My daughter Erinn turns 5 today. She entered the world kicking and screaming and has kept our whole family on our toes since day one.
I stumbled upon the term “high needs” in the early months with baby Erinn when I hoped for a “cure” for my always-fussy, never-happy newborn who refused to be set down or held by anyone other than mom. I didn’t find a cure; but I found a post from child rearing expert Dr. Sears that explained the complicated, intense personality traits of what he has coined a “high needs” child. He and his wife researched this specific type of infant/kid when their fourth baby was significantly more difficult than the three prior and there were no apparent physical or neurological reasons. High needs babies:
- Do not respond immediately, or at all, to typically comforting things like nursing, rocking, drives in the car, pacifiers, swings or bouncey seats.
- Startle easily when sleeping during the day and have trouble falling asleep at night.
- Need constant movement – not simply to be held.
- Do not accept “substitute” care like babysitters or even other family members well.
There’s nothing wrong with high needs kids and it’s not a disorder; it’s simply personality-based and something that parents fare better to accept than to try to change.
If you’re a parent rocking what you believe to be a high needs infant, or trying to keep your shit together while dealing with a high needs toddler, I want to tell you something: there’s a bright side. Either high needs babies get easier, or parents adapt to their shenanigans (or both), but as these big-personality little ones get older, life with them gets pretty sweet. Here’s what I’ve learned about my own high needs darling Erinn in the past 5 years of parenting her.
The Intensity Goes Both Ways
When Erinn cries, everything gets wet. When she screams, her voice goes hoarse. When she’s angry, you should probably get out of the way. But you know what? When Erinn laughs, it comes from somewhere deep in her belly and bellows out, across the house. When she’s excited, it’s electric. When she’s happy, it’s contagious. Erinn is intense and when you experience those good moments with her, it reminds you what it really feels like to be alive.

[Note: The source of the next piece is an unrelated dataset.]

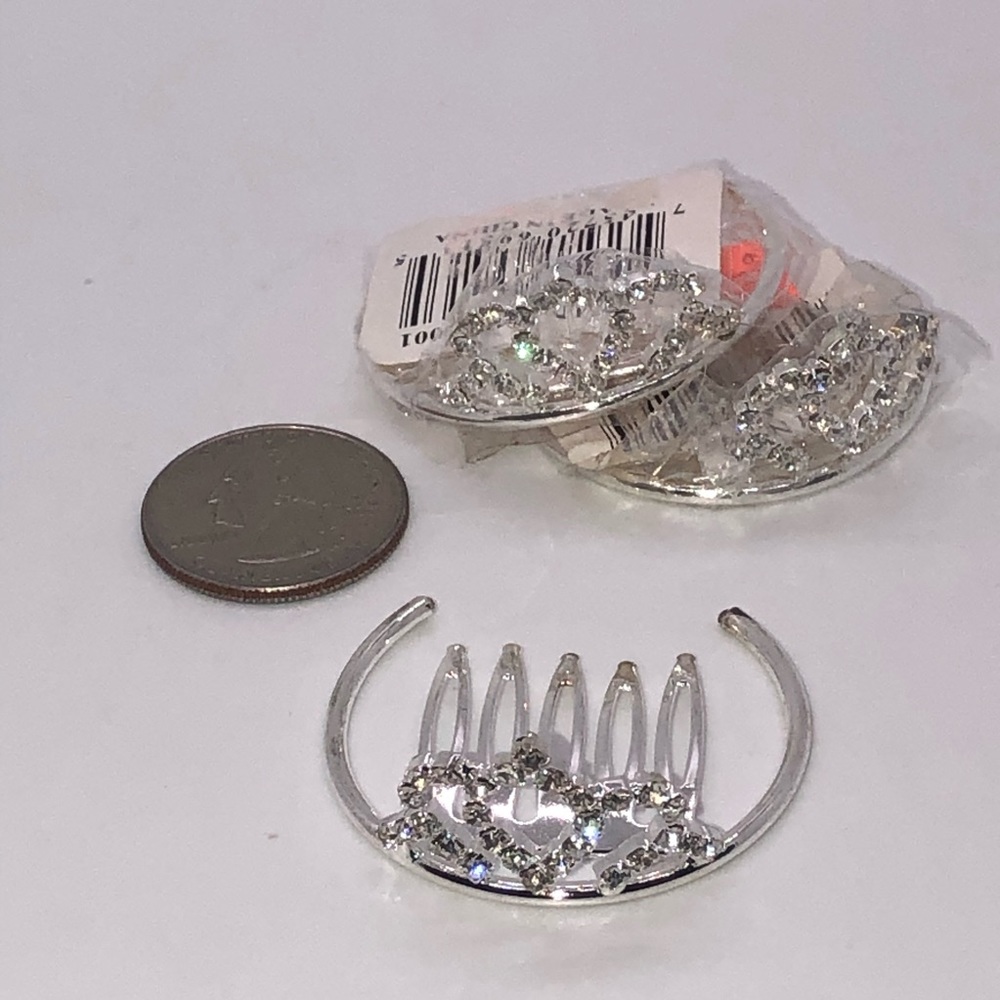 Mini Chrystal Rhinestone Tiara - Picture 5 of 8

She pushes every button, from warm to frigid, and often within the same hour. I tried to get her to take a much-needed nap earlier today and she cried, and cried, and cried (and never fell asleep) saying “Mom! Why are you ruining my life?” When she got her wits (and happiness) back, she told me “Mom, you are the most beautiful, smart mom in the whole world and if I had glitter, I would make you a big crown that said ‘Best Mom’.” She’s all in, always, and it makes for some pretty incredible moments when you are along for the ride.
Loyalty is Fierce
In Erinn’s sky, her dad and I are her only stars. I realize that’s the case with a lot of 4 year olds – but she loves and admires us in a way none of my others ever have. Some days when she needs a little more attention, Erinn will ignore whatever her parents are trying to accomplish and plop herself right on our laps, or in our way. “I just want to be with you, Mom,” she’ll say. When my older kids complain, Erinn is the first to tell them all how great her dad and I are and why they are all wrong. She screamed at a toddler once on the playground who pushed her little sister and after I diffused the situation, Erinn stomped back over to finish giving the kid a piece of her mind. She loves her parents, her siblings, her grandparents, her teachers and a few friends she’s cozied up to at preschool. She knows who is good for her, even if she doesn’t realize that intuition gift, and doesn’t have much use for everyone else.

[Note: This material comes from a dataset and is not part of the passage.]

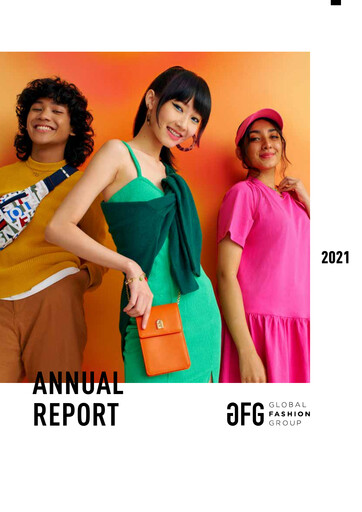 Thumbnail Global Fashion Group Annual Report 2021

There’s No People Pleasing
Erinn has an internal compass with a true north that points directly back to her own self interests. She does what she wants. This makes parenting difficult sometimes but I find myself admiring this trait more and more as she gets older. Erinn is kind but unwavering. She’s sympathetic but impossible to persuade. She doesn’t budge – and if she changes her mind about something, it’s because SHE has changed her mind about it.
As Erinn continues to gain independence as she grows, I look forward to what her high needs traits will translate to in her life. May she always be the intense, loyal, strong woman she is today – and may I continue to witness it all for many, many years to come.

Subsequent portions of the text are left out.